Early Cave Explorers (1881-1903)
Wind Cave is a culturally significant and sacred site to the Lakota and Cheyenne, and to many other tribes that traveled in and around the area that would become Wind Cave National Park. Word of the cave's entrance spread among American Indians as well as among settlers who arrived later, but there is no evidence of anyone entering the cave until 1881. Listed here are some of the first individuals and families involved in the early exploration of Wind Cave.
Alvin McDonald | Alvin McDonald was one of the first systematic explorers of Wind Cave.
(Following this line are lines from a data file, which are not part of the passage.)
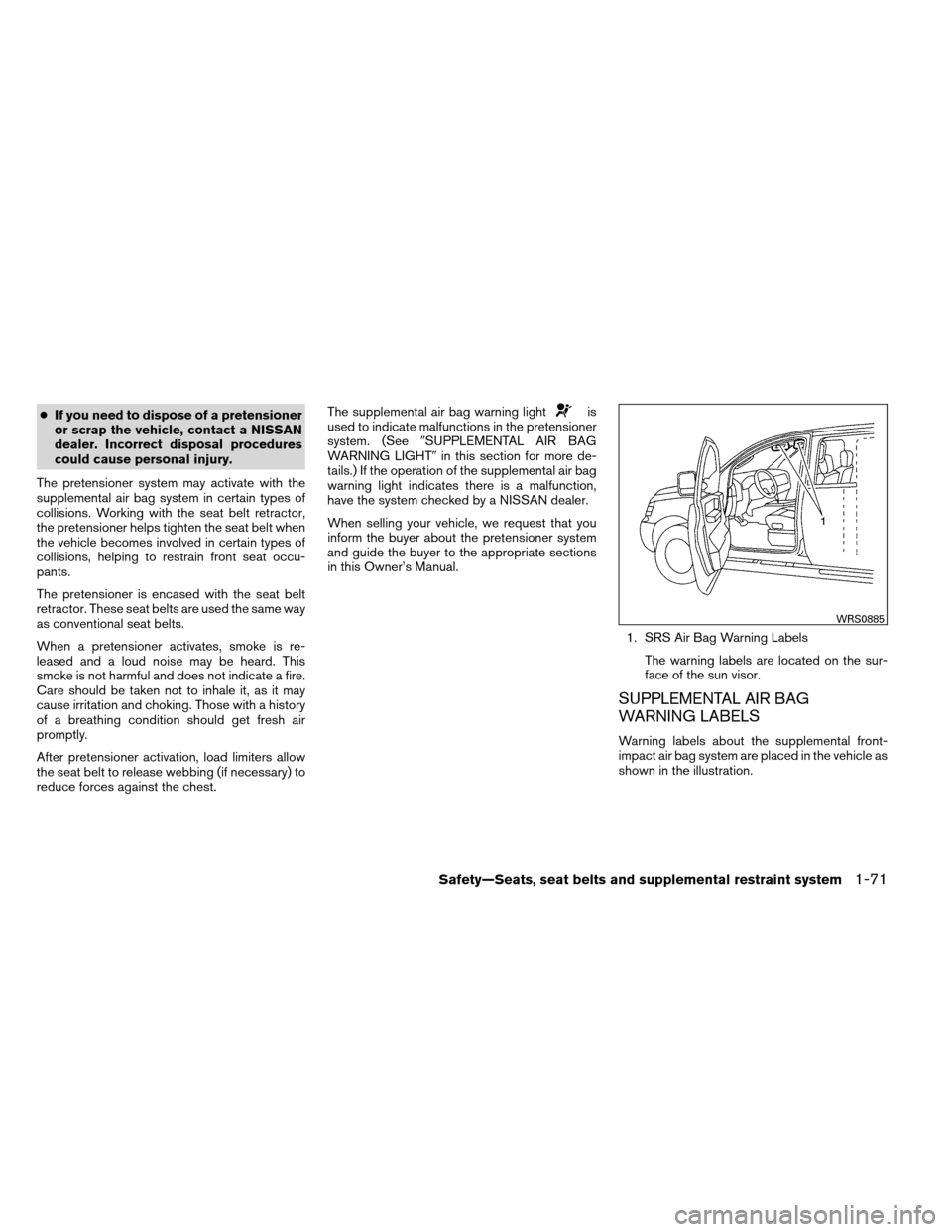 NISSAN ARMADA 2013 1.G Owners Manual ●If you need to dispose of a pretensioner
or scrap the vehicle, contact a NISSAN
dealer. Incorrect disposal procedures
could cause personal injury.
The pretensioner system may activate with the
supp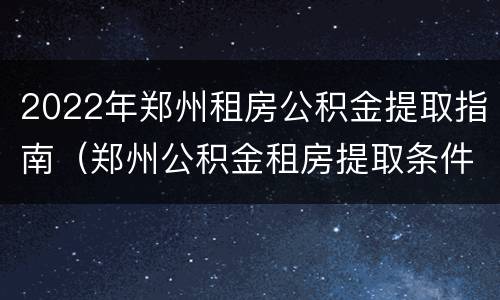 2022年郑州租房公积金提取指南（郑州公积金租房提取条件）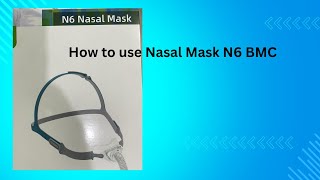 How To Use Nasal Mask N6 BMC How to use nasal mask [upl. by Aissela]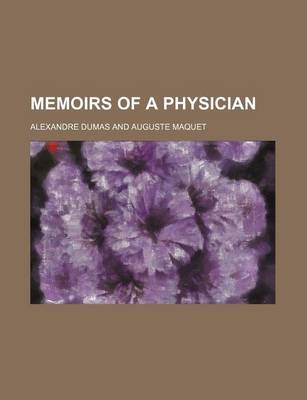 Book cover for Memoirs of a Physician (Volume 1)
He crawled through Wind Cave's cramped passageways, writing his discoveries in a journal. He explored the cave from 1890 to 1893.
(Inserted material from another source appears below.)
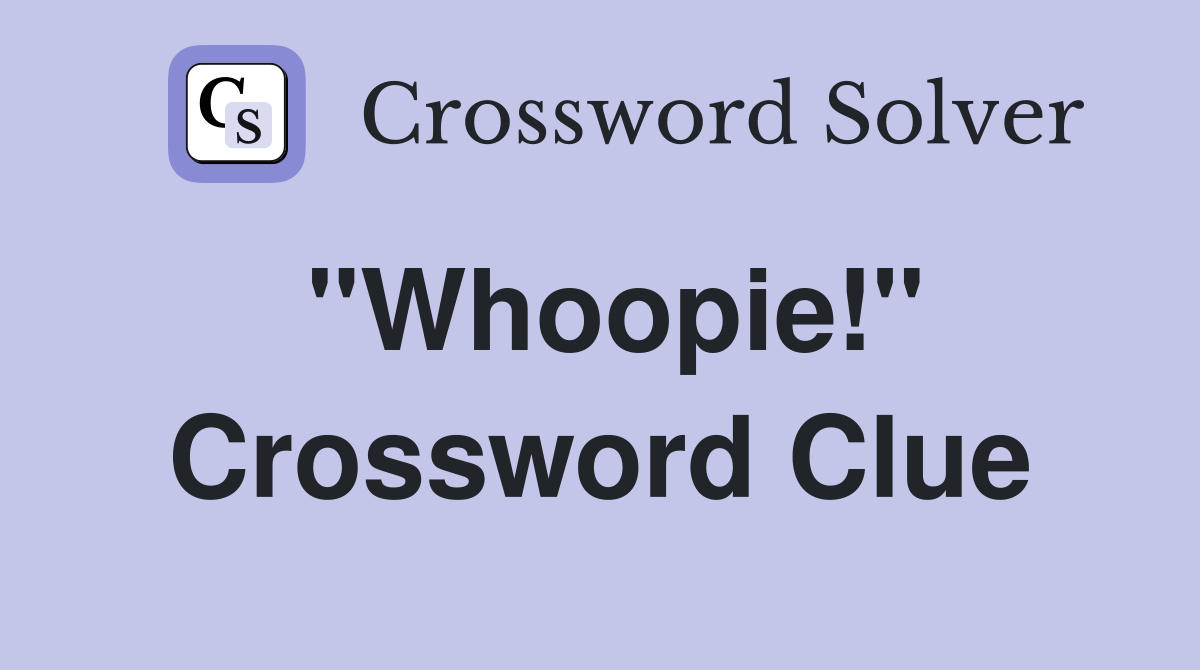 "Whoopie!" Crossword Clue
Katie Stabler | John Stabler's daughter was one of the Wind Cave's earliest explorers.
Emma McDonald | Emma McDonald was the wife of Elmer McDonald, and sister-in-law to Alvin McDonald. She was the mother of Inez, Irene and Raemond McDonald.
Inez (McDonald) Foley | Inez was Alvin McDonald's niece, and daughter of Elmer and Emma McDonald.
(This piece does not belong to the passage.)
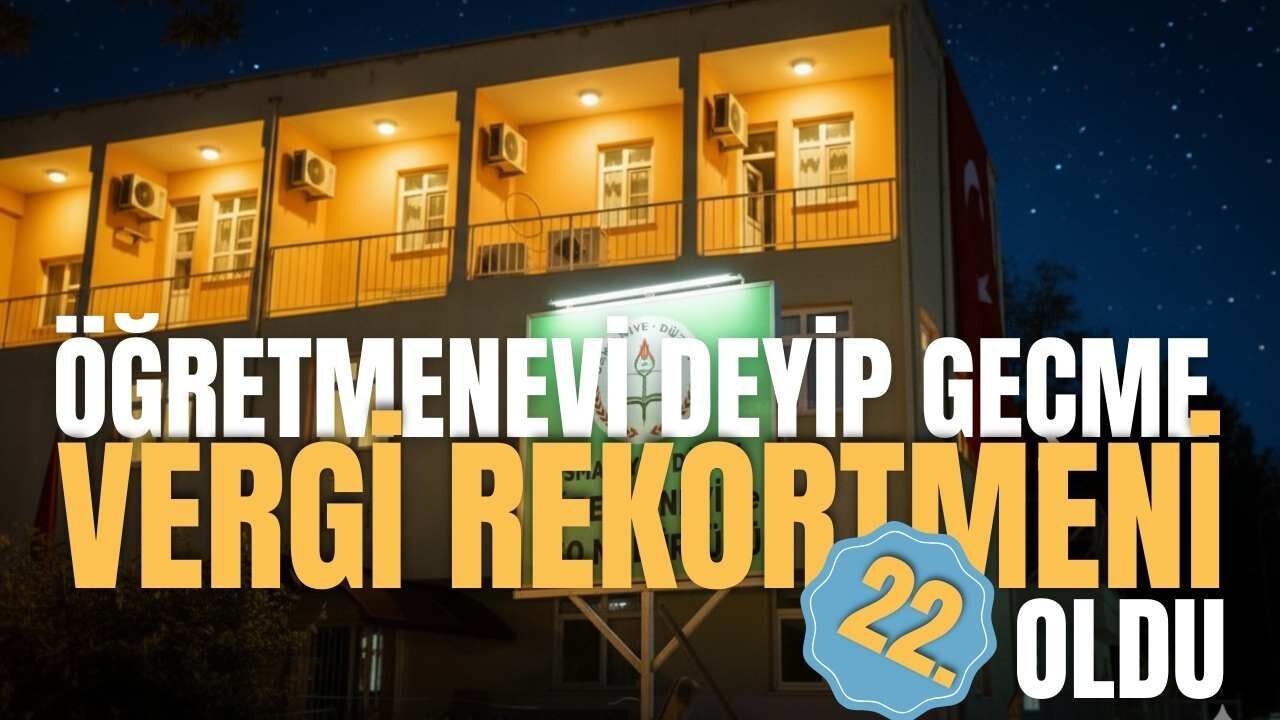 Öğretmenevi Deyip Geçme, Osmaniye Vergi Rekortmenlerinden Biri Oldu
Tommy McDonald | A younger brother of Alvin McDonald's, Tommy moved to Wind Cave in 1892. In his early years Tommy did not have much interest in Wind Cave. For a time, he worked as a mail carrier around what is now Badlands National Park.
John Stabler | "Honest John" Stabler, as he was called, moved to Hot Springs to operate the Parrott Hotel. He later moved to Wind Cave and partnered with the McDonald Family in its management.
Katie Stabler | The daugher of John Stabler, Katie was one of the early guides and explorers in Wind Cave.
Did You Know?
Winds caused by changes in barometric pressure are what give Wind Cave its name. These winds have been measured at the cave's walk-in entrance at over 70 mph. The winds at the natural entrance of the cave attracted the attention of Native Americans and early settlers.